I did not start running to learn about leadership. I started because I was overweight, unhealthy, and standing at the edge of a life I knew I needed to change. But somewhere between mile one and marathon one hundred, the road started teaching me things I could not have learned in any boardroom.

Here are five lessons that stuck with me.

Pacing beats sprinting every time.

The fastest way to fail a marathon is to start too fast. It feels great for the first three miles. Then you pay for it at mile eighteen when your legs give out and the runners who started slower are passing you. Leadership works the same way. The teams that burn hot in Q1 and flame out by Q3 are the ones who never learned to pace themselves. Sustainable performance comes from consistent effort, not heroic bursts.

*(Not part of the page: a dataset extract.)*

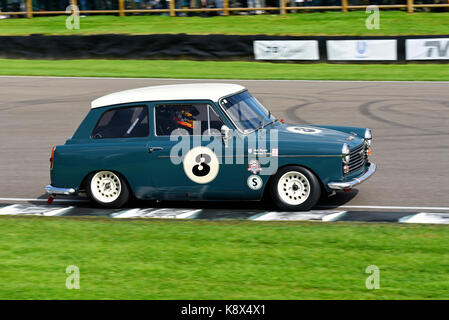 Austin A40 appartenant à Rob Myers conduit par Michael Caine dans le St Mary's Trophy à Goodwood Revival 2017 pour berlines Banque D'Images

The wall is not a sign to stop.

In marathon running, “the wall” hits around mile 20. Your body has used up its glycogen stores and everything hurts. Most people who drop out of marathons drop out here. But if you have trained for it — if you expect it — the wall becomes just another mile marker. Leaders face walls too. The project that stalls. The quarter that grinds. The team that loses its edge. The ones who push through are the ones who expected it and planned for it.

You cannot do it alone.

I have crossed 100 finish lines, and I cannot think of one where I did not owe a piece of that finish to someone else. A training partner who showed up in the rain. A stranger who handed me water at mile 22. A coach who believed in me when I did not believe in myself. Leadership is the same. The myth of the solo leader is just that — a myth. The strongest leaders are the ones who build around themselves.

Recovery is not weakness.

Early in my running career, I thought rest days were for people who were not serious. I learned the hard way that recovery is when your body gets stronger. Muscles rebuild. Energy stores refill. The same is true in leadership. The leader who never takes a breath, who never gives their team room to recover, is not tough — they are building a brittle system that will crack under the next round of pressure.

The finish line is not the point.

When I crossed the finish line of my 100th marathon, I expected some kind of dramatic epiphany. What I actually felt was gratitude — for the journey, for the people, and for the person I had become along the way. The finish line was just a spot on the road. The transformation happened in the miles. Leadership works the same way. If you are only focused on the outcome, you will miss the growth that happens in the process.

The road has been a generous teacher. If you are a leader who feels the weight of sustained pressure, I wrote about all 100 lessons in my book One Step Forward. The short version: keep moving. One step at a time.